The nationwide introduction of the Sony game system on Nov. 17 was marked by rowdy crowds and store stampedes. One buyer waiting in line at a Connecticut store was shot by armed robbers.


----------



## kwflatbed (Dec 29, 2004)

*Online gun picture alerted NC. police before the search, shooting incident*

Mandy Locke, Staff Writer
The News & Observer 
WILMINGTON- When police came to search Peyton Strickland's rented house for stolen PlayStation 3 video games, they feared they might find him amid a small arsenal of firearms, according to a search warrant released late Monday.

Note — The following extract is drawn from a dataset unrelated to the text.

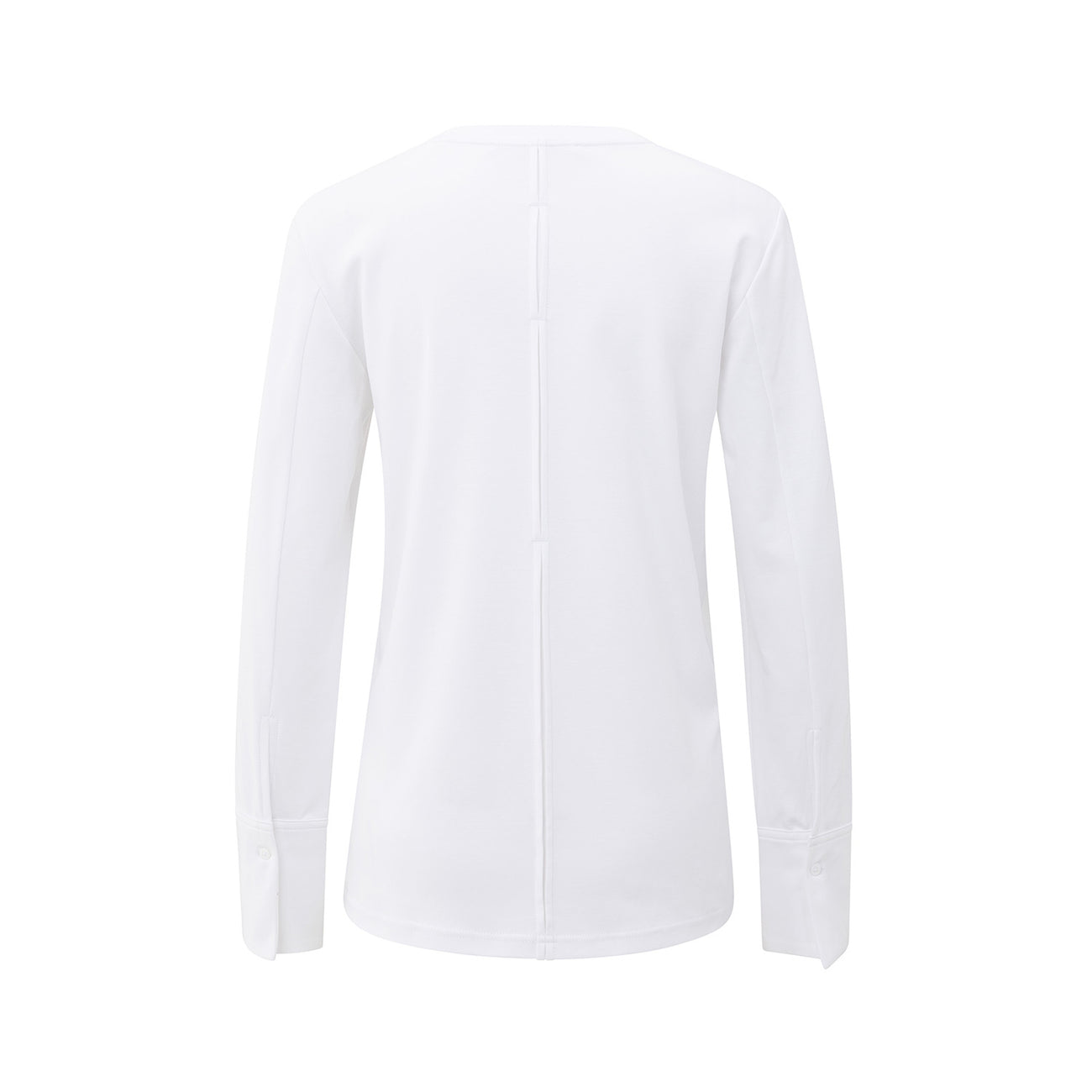 Top with Woven Cuffs and Slit Detail - Pure White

Police found snapshots on the Internet of a man they suspected to be Strickland's robbery partner posing with what appeared to be an assault rifle, pistols and a shotgun. A detective had seen a car belonging to the man, Ryan David Mills, 20, parked at Strickland's rental home, according to the search warrant, which also included two images of young men with guns.
When UNC-Wilmington campus police headed to the home Friday, they brought reinforcements picked from the New Hanover Sheriff's Office's elite, highly trained and heavily armed emergency responders unit, Sheriff Sid Causey said Monday morning.
Causey said campus police thought the search and arrest would be "high risk." Causey's men agreed to force their way in, then let UNCW police look for stolen goods, the sheriff said Monday.
The search didn't go as planned.
Deputies shot Strickland, an 18-year-old Durham native attending Cape Fear Community College, in the foyer of his home. A bullet in the head killed him; at least one more struck his chest, according to the state medical examiner's office. His German shepherd, Blaze, was also shot to death; at least four other bullets riddled the home's front hallway.
Strickland's roommate, Mike Rhoton, told the Star-News of Wilmington on Saturday that deputies kicked in the door and shot at his friend. He said Strickland might have come to the door with a wireless game controller in his hand.
It all started Nov. 17, when Justin Raines, a UNCW freshman from Apex, headed to a friend's dormitory with two $641 PlayStation 3 video games he and his twin brother had camped out at Wal-Mart to buy. Two men accosted him, and one hit him on the head with some sort of blunt object; his twin brother said Justin was also bruised in the ribs.
A surveillance video camera in the parking lot of the Wal-Mart captured where police think the robbers began tailing Raines and showed two young men getting into a gold Pontiac, according to the search warrant. Campus police sent the video over e-mail to every professor and student.
A tipster eventually called UNCW police informing on Strickland and Mills, according to the search warrant. Police matched the driver's license photos of the men to their images in the surveillance video. Campus police began staking out Strickland's Long Leaf Acres Drive home.
Mills lived elsewhere, but the search warrant indicates he might be hanging out at Strickland's home. The online photos of Mills made police suspect he could be armed, and UNCW police had received information that Mills was known to carry a firearm, the warrant stated.
The warrant also pointed out that Strickland had been charged with assault in September after a UNCW student complained Strickland punched him so hard that his jaw shattered.
The court papers showed that after the shooting officers took from the house four marijuana water pipes, and several bullet fragments and shell casings among other items.
Officials offered no explanation Monday about what prompted deputies to fire Friday night. Three deputies have been placed on paid leave pending a review by State Bureau of Investigation agents.
Mills has been charged with robbery with a dangerous weapon, assault with a deadly weapon, and breaking and entering a motor vehicle.
Strickland would have faced the same charges.
New Hanover County District Attorney Ben David said Monday that he would "go where the truth leads."
"No one is above the law, and no one is beneath its protection," David said.
The prosecutor has reached out to Strickland's father, Don Strickland, a personal injury and wrongful death attorney in Raleigh. David said he planned to meet Strickland's parents today.
At the modest brick house Strickland shared with his hometown roommates, friends gathered Monday evening to remember the lean boy who had a knack for mechanics. Teenage girls dropped bouquets of flowers into the 1964 motorboat Strickland rebuilt. The young people clutched candles and choked back sobs as one young man sang Bob Marley's "Redemption Song."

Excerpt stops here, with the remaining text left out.